Para se fixar o valor indenizatório ajustável à hipótese fática deve-se ponderar o ideal da reparação integral e da devolução das partes ao status quo ante. Este princípio encontra amparo legal no artigo 947 do Código Civil e no artigo 6º, inciso VI, do Código de Defesa do Consumidor.
No entanto, não sendo possível a restitutio in integrum em razão da impossibilidade material desta reposição, transforma-se a obrigação de reparar em uma obrigação de compensar, haja vista que a finalidade da indenização consiste, justamente, em ressarcir a parte lesada.
Em relação à quantificação da indenização, é necessário analisar alguns aspectos para se chegar a um valor justo para o caso concreto, atentando-se à extensão do dano, ao comportamento dos envolvidos, às condições econômicas e sociais das partes e à repercussão do fato, além da proporcionalidade e da razoabilidade.
Vejamos o entendimento desta Câmara a respeito dos elementos que devem ser considerados na quantificação da indenização:
RESPONSABILIDADE CIVIL. DANO MORAL. (...) 3. A fixação do quantum indenizatório deve atender uma série de critérios adotados pela jurisprudência de modo a compensar a vítima pelos danos causados, sem significar enriquecimento ilícito desta, às custas de seu ofensor. 4. Configura-se adequada a indenização quando as circunstâncias específicas do caso concreto indicam que a repercussão do dano e a possibilidade econômica do ofensor foram observadas no arbitramento. Manutenção do valor fixado pela sentença recorrida. APELAÇÃO DESPROVIDA. (Apelação Cível Nº 70007842883, Nona Câmara Cível, Tribunal de Justiça do RS, Relator Nereu José Giacomolli, julgado em 28/04/2004).
RESPONSABILIDADE CIVIL. AÇÃO DE INDENIZAÇÃO POR DANOS MORAIS. (...) Quantum Indenizatório. Na fixação do valor indenizatório deve-se levar em consideração as condições econômicas e sociais do ofendido e do ofensor, as circunstâncias do fato e a culpa dos envolvidos, a extensão do dano e seus efeitos, sem esquecer o caráter punitivo e que a indenização deve ser suficiente para reparar o dano, não podendo importar enriquecimento injustificado. (...) APELAÇÃO E RECURSO ADESIVO IMPROVIDOS. (Apelação Cível Nº 70007874761, Nona Câmara Cível, Tribunal de Justiça do RS, Relatora Fabianne Breton Baisch, julgado em 05/05/2004).
No caso, consideradas suas peculiaridades, em especial a condição sócio-econômica da vítima (autor) e das ofensoras (demandadas), o agir ilícito, e sua gravidade e repercussão, tenho que merece ser mantida a quantia arbitrada no decisum a quo, uma vez que se mostra adequada aos parâmetros adotados por este Órgão Colegiado e às circunstâncias do caso concreto.
Ante o exposto, voto por negar provimento a ambos os apelos. Mantidos os ônus de sucumbência.
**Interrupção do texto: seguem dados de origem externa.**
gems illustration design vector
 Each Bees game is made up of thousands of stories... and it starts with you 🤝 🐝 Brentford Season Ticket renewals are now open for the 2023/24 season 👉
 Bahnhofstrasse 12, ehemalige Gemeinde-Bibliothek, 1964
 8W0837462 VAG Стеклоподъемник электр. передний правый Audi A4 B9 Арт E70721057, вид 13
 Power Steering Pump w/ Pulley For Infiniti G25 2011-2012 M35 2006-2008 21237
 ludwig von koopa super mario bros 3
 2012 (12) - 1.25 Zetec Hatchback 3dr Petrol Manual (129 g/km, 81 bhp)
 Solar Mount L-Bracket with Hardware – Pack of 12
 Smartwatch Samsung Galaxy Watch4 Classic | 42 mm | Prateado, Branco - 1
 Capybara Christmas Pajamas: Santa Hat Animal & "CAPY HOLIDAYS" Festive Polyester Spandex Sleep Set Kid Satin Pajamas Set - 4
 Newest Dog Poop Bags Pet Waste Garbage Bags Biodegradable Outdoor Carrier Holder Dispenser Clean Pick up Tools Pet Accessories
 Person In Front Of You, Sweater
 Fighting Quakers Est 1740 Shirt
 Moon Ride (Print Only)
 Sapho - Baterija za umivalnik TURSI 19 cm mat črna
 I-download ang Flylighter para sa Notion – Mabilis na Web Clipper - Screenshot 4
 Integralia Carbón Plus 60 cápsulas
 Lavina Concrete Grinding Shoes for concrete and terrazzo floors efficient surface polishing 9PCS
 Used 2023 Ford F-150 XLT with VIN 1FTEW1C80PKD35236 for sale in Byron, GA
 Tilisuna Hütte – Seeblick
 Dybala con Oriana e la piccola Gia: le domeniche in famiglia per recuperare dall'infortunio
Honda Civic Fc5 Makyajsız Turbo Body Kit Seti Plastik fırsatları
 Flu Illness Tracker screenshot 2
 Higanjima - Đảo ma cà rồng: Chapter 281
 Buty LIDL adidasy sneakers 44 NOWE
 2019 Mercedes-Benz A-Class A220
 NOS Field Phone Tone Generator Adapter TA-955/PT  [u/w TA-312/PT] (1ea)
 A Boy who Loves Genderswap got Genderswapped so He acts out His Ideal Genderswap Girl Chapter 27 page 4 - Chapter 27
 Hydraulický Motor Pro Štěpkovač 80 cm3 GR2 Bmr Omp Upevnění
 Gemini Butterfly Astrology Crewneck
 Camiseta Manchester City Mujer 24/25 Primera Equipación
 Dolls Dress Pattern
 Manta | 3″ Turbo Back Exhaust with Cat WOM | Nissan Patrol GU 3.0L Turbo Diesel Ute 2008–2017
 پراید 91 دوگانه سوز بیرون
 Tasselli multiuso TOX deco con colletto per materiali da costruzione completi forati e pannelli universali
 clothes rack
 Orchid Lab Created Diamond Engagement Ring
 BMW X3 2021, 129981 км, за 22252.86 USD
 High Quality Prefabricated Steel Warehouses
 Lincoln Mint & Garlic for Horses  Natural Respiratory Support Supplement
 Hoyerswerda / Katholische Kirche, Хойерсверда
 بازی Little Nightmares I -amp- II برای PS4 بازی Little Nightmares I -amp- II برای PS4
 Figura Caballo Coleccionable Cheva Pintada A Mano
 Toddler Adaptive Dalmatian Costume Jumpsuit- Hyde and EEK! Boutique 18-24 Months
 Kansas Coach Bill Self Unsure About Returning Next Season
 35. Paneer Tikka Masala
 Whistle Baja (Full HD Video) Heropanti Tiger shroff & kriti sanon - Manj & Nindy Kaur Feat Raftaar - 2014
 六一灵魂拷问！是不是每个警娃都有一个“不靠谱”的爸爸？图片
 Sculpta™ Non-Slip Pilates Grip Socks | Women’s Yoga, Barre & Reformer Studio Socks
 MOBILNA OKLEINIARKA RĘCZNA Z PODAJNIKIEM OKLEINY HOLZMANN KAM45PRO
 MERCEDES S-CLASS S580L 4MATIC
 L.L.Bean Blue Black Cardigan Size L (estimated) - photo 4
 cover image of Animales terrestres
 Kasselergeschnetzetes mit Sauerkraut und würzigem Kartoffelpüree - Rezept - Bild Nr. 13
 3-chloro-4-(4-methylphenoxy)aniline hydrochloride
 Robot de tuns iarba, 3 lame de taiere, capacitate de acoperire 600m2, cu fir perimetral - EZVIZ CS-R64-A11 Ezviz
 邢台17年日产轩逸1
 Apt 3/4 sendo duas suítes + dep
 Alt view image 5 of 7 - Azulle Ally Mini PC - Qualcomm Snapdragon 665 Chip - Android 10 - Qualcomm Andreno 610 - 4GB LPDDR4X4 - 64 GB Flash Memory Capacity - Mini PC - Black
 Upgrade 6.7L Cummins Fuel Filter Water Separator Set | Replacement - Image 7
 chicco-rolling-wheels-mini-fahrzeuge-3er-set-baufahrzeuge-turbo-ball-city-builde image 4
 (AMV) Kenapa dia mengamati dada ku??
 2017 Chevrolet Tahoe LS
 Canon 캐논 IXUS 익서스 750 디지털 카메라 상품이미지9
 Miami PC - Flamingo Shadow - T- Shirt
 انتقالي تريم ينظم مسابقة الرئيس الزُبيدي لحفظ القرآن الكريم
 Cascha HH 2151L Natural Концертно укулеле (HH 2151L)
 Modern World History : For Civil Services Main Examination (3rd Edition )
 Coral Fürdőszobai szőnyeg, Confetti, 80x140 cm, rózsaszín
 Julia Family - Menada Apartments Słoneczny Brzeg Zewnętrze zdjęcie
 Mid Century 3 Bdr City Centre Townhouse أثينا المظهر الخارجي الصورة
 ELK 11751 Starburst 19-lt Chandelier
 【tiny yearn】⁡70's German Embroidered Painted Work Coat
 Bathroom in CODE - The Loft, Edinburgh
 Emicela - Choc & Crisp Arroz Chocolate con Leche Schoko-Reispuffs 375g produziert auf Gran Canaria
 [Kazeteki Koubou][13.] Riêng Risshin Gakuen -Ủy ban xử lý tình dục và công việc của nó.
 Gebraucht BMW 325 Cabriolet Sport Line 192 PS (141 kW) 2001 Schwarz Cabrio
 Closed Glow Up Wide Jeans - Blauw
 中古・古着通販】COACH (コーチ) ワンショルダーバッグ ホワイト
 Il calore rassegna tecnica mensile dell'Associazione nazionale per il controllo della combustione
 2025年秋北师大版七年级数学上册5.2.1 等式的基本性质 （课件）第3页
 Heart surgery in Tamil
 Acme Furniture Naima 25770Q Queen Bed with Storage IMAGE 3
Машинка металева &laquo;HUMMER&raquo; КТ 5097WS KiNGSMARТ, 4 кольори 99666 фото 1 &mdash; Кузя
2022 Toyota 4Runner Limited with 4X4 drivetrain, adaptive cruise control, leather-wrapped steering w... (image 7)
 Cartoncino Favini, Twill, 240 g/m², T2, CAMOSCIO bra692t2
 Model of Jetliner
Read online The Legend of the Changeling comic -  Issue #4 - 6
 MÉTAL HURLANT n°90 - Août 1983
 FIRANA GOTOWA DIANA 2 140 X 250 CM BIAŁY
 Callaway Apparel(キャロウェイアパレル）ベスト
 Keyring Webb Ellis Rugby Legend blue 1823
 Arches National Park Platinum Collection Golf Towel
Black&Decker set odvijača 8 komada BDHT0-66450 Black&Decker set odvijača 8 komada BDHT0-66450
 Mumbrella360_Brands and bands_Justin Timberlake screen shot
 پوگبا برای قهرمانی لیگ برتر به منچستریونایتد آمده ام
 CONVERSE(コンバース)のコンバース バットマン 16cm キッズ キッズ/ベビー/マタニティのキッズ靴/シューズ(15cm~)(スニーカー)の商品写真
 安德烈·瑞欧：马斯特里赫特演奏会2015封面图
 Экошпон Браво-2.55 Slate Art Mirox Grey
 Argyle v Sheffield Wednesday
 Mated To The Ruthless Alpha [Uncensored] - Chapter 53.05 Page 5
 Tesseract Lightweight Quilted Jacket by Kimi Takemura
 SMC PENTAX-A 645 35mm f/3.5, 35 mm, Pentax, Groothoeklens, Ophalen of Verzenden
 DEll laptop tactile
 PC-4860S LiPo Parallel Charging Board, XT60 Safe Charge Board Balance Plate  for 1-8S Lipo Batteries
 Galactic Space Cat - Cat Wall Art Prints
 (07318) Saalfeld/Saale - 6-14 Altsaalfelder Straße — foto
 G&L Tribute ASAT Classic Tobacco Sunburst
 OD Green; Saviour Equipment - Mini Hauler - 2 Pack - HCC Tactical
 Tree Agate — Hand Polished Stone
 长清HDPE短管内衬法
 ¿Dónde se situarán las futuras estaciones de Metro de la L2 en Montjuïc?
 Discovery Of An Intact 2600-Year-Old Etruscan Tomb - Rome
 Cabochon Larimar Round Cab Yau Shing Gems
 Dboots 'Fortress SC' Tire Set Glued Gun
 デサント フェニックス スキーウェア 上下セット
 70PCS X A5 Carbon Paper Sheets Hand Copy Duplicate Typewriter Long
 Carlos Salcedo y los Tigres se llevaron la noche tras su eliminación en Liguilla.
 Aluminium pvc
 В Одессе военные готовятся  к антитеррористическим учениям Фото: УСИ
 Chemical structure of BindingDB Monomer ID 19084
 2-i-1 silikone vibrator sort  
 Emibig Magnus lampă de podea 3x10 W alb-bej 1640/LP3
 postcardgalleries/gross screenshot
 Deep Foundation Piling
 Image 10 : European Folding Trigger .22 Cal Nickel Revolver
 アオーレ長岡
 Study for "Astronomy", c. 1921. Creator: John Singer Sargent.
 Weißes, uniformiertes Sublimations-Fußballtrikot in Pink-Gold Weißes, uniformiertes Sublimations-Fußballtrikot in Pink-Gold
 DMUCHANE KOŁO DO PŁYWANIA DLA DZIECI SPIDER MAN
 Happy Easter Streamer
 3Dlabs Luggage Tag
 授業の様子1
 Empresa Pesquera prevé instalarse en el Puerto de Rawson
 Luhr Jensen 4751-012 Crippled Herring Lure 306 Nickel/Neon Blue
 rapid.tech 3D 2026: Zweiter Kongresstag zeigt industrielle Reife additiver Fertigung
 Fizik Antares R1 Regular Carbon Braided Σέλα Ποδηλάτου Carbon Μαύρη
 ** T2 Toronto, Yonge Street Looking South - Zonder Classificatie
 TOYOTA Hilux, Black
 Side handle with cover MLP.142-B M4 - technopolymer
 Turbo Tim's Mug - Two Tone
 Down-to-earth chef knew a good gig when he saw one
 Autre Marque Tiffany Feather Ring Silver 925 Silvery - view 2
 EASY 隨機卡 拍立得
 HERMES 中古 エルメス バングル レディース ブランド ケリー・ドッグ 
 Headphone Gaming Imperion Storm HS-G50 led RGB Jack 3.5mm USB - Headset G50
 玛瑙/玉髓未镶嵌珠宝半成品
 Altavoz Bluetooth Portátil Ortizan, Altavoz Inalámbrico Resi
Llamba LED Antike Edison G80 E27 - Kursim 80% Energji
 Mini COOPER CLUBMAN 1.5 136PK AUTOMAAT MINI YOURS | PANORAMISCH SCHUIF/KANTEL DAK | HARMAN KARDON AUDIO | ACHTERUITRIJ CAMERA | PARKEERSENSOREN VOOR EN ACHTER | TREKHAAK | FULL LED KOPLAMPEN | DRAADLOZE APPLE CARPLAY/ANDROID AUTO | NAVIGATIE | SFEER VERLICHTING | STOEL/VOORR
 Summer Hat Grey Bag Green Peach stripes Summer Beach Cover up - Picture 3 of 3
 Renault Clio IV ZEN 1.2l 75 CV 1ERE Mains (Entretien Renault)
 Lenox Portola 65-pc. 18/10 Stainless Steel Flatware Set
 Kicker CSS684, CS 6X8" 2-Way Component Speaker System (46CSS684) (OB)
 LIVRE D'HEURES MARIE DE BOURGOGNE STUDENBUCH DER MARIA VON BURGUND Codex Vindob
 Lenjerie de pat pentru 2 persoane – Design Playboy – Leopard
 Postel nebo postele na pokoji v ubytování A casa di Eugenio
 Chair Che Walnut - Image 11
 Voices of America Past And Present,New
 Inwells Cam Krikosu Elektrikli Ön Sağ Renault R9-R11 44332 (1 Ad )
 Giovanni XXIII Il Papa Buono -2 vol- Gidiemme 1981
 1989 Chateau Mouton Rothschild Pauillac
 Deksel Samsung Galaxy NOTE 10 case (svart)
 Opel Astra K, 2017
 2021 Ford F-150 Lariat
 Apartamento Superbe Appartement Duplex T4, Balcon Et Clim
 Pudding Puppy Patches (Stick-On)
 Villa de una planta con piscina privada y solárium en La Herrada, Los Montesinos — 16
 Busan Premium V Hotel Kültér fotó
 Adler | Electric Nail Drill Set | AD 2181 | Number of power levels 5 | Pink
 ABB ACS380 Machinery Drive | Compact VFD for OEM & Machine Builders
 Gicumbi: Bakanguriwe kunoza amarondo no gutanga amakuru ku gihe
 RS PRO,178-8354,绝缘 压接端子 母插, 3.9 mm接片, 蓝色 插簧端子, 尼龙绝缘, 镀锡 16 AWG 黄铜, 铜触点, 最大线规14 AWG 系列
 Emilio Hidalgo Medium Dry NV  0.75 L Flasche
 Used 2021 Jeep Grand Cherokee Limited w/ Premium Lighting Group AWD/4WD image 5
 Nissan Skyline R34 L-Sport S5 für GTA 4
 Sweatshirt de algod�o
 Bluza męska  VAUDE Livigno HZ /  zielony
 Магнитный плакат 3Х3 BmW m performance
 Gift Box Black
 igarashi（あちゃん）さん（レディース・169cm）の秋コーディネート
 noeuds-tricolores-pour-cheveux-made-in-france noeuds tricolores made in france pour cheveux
Des. Odone Sanguiné (REVISOR) - De acordo.
Des. Tasso Caubi Soares Delabary - De acordo.

DES.ª IRIS HELENA MEDEIROS NOGUEIRA - Presidente - Apelação Cível nº 70016495038, Comarca de Porto Alegre: "NEGARAM PROVIMENTO A AMBOS OS APELOS. UNÂNIME."


Julgador(a) de 1º Grau: OYAMA ASSIS BRASIL DE MORAES


[1] FILHO, Sérgio Cavalieri. Programa de Responsabilidade Civil. 6. ed. rev., aum. e atual., São Paulo: Malheiros Editores, 2005, p. 41.